How one Rohingya girl avoided missing out on school

Two girls write on a sheet of paper, Bangladesh

When Rajima, a 10-year-old Rohingya refugee, arrived in Bangladesh in August 2017 she was traumatized, exhausted and frightened. 

She was noticed immediately by Tasmin, a Bangladeshi girl of the same age who lives close by.

“When I saw her family arriving, I felt so sad for them because they had nothing,” Tasmin said.

The pair started chatting and became immediate friends. “My father asked her family if they wanted to stay in our house, because at that time they had no shelter available for them in the camp. They ended up staying with us for one month. During that time we became best friends.”

When Rajima’s family was given space to build a shelter, she was unable to go to school because her parents needed her to help with housework.

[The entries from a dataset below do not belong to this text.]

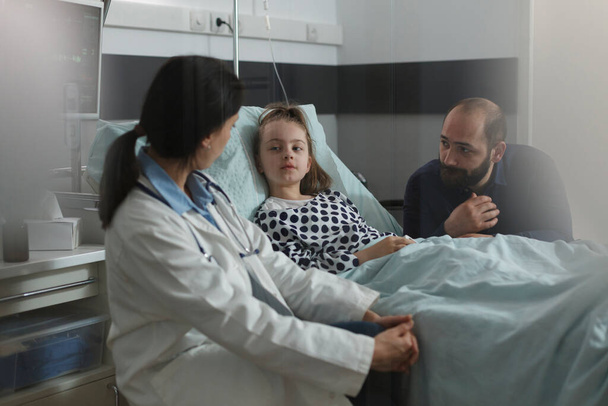 Pediatrician examining sick girl disease symptoms while resting in patient bed. Doctor expert discussing with girl about her health condition while caring father sitting beside ill daughter. - Fotografie, Obrázek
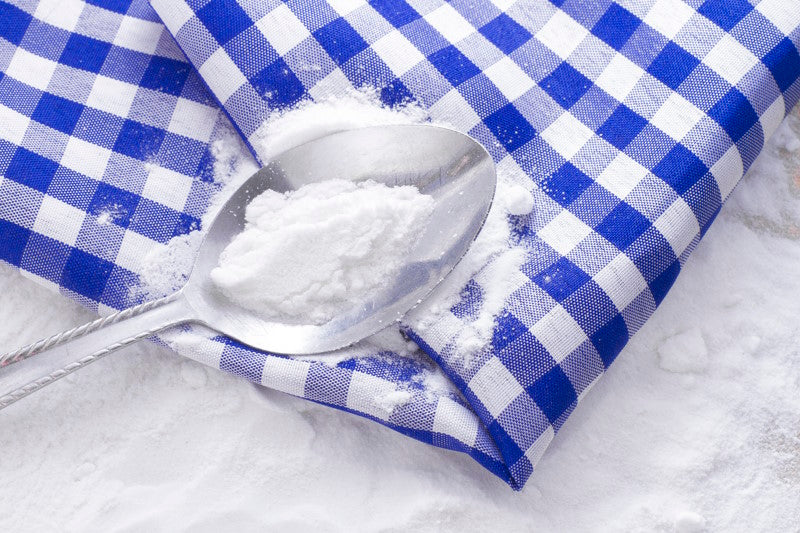 Spoon full of baking soda on top of a blue gingham cloth
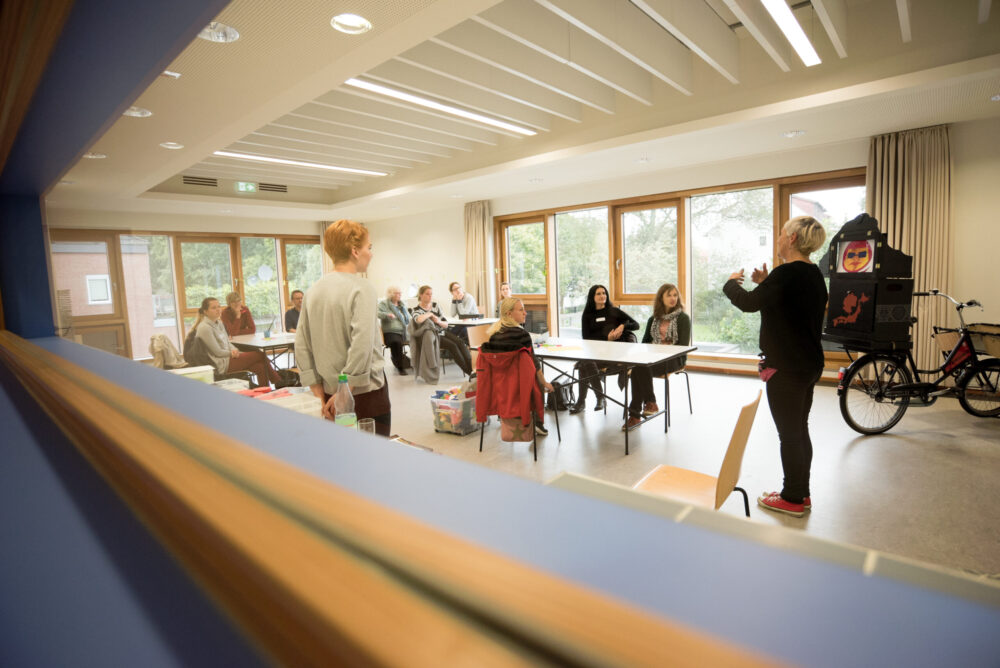 Durch ein schmales Fenster kann in einen Raum geschut werden, in dem Menschen um Tische sitzen und stehen.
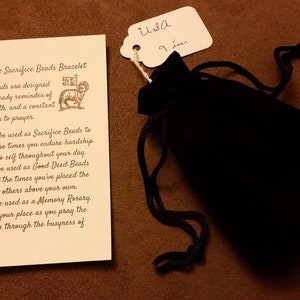 Puede incluir: Una tarjeta blanca con texto marrón que describe un brazalete de cuentas de sacrificio simple. El texto dice "Simple Sacrifice Beads Bracelet. Estas cuentas están diseñadas para ser un recordatorio constante de tu fe y una invitación constante a la oración. Se pueden usar como cuentas de sacrificio para contar las veces que soportas dificultades o mueres a ti mismo a lo largo de tu día. Se pueden usar como cuentas de buenas acciones para contar las veces que has puesto las necesidades de los demás por encima de las tuyas. Se pueden usar como un rosario de memoria, manteniendo tu lugar mientras rezas los misterios en medio del ajetreo de la vida diaria." Una pequeña bolsa de terciopelo negro está al lado de la tarjeta con una etiqueta blanca que dice "USA 9 ine".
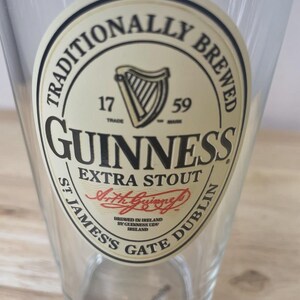 K&ouml;nnte beinhalten: Ein klares Bierglas mit einem runden, cremefarbenen Etikett, das das schwarze Guinness-Logo, eine Harfe, den Text TRADITIONALLY BREWED, 1759, EXTRA STOUT, die Unterschrift Arth Guinness sowie ST JAMES'S GATE DUBLIN zeigt.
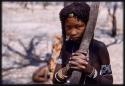 Girl holding onto a tree branch, close up view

But Tasmin was determined that her friend should not miss out. “I meet her every day after school and help her to read and write. It makes me really happy to do it.”

“When we grow up we want to be doctors and help people together,” Rajima says.

Tasmin nods in agreement. “I want to help the Rohingya and the Bangladeshi people,” she says.

Voices of Rohingya refugees

UNICEF's response

UNICEF and its partners from both government and civil society have continued and broadened their work in Myanmar and Bangladesh:

  • To protect children in the largely lawless environment of the camps, UNICEF and partners have set up 136 child-friendly spaces, creating a safe place for children to heal, grow and play.
  • To protect girls against gender-based violence, UNICEF and its protection partners are working to expand their case management work, focusing on adolescent girls.
  • To help children continue their schooling, UNICEF and partners rapidly set up hundreds of learning centres and are now developing a strategy to ensure consistency and quality in the curriculum.
  • To provide access to safe water and sanitation, UNICEF is working with the Department of Public Health Engineering to construct new boreholes by the end of the year, and expanding waste processing and toilet construction in the camps.
  • To provide primary, preventative and emergency health care, UNICEF supports health units and immunization campaigns throughout the camps, including prevention and treatment for severe acute malnutrition.

Despite the immense efforts undertaken by the international community and governments, the futures of hundreds of thousands of Rohingya children and their families remain in the balance. UNICEF calls for coordinated action by the Governments of Myanmar and Bangladesh, with the active support of the international community. This is a crisis that will require a complex, multi-layered approach underpinned by long-term financial resources and infrastructural development, and bold political will.